Didier Daeninckx a rassemblé les récits dans un ordre chronologique qui, par leur contenu, nous interpellent aujourd’hui, tant certains fils conducteurs trouvent de douloureux renouvellements ou des mues tout autant insupportables. Le condensé propre à chaque nouvelle… renouvelle le souffle suspendu. Les faits sont précis, l’écriture est incisive ; l’ensemble te projette dans ton propre rapport aux valeurs fondamentales.
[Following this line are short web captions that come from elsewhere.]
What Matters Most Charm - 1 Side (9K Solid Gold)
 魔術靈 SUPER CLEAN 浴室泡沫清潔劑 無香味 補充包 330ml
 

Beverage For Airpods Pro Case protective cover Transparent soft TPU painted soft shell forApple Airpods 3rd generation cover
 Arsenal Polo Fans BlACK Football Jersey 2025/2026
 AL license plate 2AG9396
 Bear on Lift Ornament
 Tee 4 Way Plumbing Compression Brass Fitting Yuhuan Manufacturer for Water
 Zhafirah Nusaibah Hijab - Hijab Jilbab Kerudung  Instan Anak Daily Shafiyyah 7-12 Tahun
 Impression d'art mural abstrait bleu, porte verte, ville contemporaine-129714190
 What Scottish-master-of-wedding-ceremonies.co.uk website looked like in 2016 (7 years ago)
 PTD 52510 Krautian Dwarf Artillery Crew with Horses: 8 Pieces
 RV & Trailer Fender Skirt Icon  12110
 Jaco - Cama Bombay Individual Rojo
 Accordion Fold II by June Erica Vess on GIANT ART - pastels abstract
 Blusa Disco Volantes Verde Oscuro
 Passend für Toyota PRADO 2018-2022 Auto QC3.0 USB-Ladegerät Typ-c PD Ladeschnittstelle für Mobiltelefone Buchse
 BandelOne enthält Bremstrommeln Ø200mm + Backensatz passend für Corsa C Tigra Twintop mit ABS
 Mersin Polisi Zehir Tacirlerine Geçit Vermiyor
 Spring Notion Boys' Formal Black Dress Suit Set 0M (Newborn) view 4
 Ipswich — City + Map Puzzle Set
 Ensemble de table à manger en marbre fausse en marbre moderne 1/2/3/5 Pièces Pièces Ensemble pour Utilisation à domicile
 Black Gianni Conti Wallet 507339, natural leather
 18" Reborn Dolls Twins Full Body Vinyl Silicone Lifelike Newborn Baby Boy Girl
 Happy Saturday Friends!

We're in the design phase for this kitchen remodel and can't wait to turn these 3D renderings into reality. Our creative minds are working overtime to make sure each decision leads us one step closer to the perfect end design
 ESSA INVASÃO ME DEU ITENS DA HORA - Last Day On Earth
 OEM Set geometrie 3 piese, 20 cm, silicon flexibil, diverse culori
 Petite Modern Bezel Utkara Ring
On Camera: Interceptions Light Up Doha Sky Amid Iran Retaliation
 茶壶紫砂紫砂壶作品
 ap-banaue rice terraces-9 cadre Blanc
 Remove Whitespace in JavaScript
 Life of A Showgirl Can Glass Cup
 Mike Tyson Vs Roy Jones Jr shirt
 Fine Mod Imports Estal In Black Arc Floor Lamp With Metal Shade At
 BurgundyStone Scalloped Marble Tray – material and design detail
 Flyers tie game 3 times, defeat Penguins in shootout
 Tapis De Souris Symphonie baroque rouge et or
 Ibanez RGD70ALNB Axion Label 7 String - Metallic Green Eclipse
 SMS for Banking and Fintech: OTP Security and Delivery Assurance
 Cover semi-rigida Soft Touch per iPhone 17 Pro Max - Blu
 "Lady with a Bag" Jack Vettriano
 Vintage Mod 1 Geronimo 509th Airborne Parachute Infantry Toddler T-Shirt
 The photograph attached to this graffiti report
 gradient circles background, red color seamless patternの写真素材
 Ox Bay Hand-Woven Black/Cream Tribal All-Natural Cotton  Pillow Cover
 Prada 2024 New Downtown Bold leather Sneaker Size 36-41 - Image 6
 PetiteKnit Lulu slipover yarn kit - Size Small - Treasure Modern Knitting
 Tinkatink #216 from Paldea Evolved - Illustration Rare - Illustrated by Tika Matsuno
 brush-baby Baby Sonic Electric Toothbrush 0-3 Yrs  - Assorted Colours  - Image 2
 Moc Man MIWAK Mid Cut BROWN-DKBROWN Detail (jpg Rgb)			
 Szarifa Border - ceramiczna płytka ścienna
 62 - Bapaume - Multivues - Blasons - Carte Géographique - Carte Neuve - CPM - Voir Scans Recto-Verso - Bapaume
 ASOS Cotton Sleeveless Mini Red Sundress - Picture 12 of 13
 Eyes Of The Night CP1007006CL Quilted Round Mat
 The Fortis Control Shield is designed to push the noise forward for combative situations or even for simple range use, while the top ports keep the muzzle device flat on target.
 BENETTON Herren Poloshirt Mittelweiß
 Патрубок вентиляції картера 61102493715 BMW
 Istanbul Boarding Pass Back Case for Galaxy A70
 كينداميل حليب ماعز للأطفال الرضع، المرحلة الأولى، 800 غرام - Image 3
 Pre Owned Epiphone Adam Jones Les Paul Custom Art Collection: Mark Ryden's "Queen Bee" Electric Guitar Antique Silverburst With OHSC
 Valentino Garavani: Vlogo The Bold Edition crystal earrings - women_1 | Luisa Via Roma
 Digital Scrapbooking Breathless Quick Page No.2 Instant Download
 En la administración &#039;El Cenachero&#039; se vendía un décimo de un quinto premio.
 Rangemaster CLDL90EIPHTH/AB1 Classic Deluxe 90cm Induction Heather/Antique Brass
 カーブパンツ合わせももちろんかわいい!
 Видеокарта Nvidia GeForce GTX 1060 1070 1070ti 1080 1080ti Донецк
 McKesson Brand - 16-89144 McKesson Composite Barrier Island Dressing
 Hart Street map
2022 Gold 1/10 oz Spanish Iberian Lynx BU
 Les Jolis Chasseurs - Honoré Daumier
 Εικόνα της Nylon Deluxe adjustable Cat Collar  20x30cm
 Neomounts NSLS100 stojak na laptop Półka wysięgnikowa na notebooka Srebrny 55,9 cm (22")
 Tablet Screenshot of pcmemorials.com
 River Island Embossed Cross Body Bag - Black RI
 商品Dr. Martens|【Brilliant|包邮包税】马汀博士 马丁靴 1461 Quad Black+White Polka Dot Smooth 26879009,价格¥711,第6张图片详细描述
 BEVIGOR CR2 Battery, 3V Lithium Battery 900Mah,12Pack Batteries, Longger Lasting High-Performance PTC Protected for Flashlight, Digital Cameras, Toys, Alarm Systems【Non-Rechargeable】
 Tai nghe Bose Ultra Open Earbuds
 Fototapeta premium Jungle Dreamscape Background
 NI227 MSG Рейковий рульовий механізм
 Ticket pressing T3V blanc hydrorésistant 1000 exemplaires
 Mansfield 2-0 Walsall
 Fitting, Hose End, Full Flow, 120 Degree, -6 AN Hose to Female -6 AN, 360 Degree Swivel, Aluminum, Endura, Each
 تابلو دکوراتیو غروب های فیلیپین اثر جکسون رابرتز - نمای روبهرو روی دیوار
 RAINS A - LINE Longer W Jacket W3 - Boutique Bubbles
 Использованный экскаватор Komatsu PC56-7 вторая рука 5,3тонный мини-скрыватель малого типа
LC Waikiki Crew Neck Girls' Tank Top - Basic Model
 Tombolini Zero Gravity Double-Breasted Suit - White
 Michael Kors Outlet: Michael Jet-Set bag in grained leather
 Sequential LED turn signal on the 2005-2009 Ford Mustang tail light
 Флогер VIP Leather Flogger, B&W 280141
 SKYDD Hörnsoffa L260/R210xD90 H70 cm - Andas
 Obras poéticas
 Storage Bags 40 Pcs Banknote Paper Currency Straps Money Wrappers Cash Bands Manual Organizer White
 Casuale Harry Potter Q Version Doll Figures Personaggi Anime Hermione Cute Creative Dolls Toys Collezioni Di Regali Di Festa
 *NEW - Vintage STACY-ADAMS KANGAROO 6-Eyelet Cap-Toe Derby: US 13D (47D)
Si d’aventure, d’une telle lecture, une lumière survient, on veut porter haut les couleurs de la Vie, contre tous les effluves de désespérance, car l’on est bousculé au fil des récits.

Lequel m’aura le plus frappé ? Celui des tziganes chassés par un industriel – Nous sommes tous des Gitans Belges -, et qui sortent celui-ci de l’ornière, avec sa famille, au moment de la grande débandade sur les routes pour fuir l’armée allemande ? Ou celui sur la guerre des Balkans – Le salaire du sniper, – avec une terrible manipulation pour faire de l’audimat ? N’est-on pas quotidiennement confronté au formatage de l’opinion ?

« Mettant bout à bout les petits restes d’une histoire à vif, Daeninckx fait droit à des histoires classées sans suite, et ce droit de suite constitue la longue traîne du roman noir de l’histoire », écrit dans sa préface l’historien Patrick Boucheron.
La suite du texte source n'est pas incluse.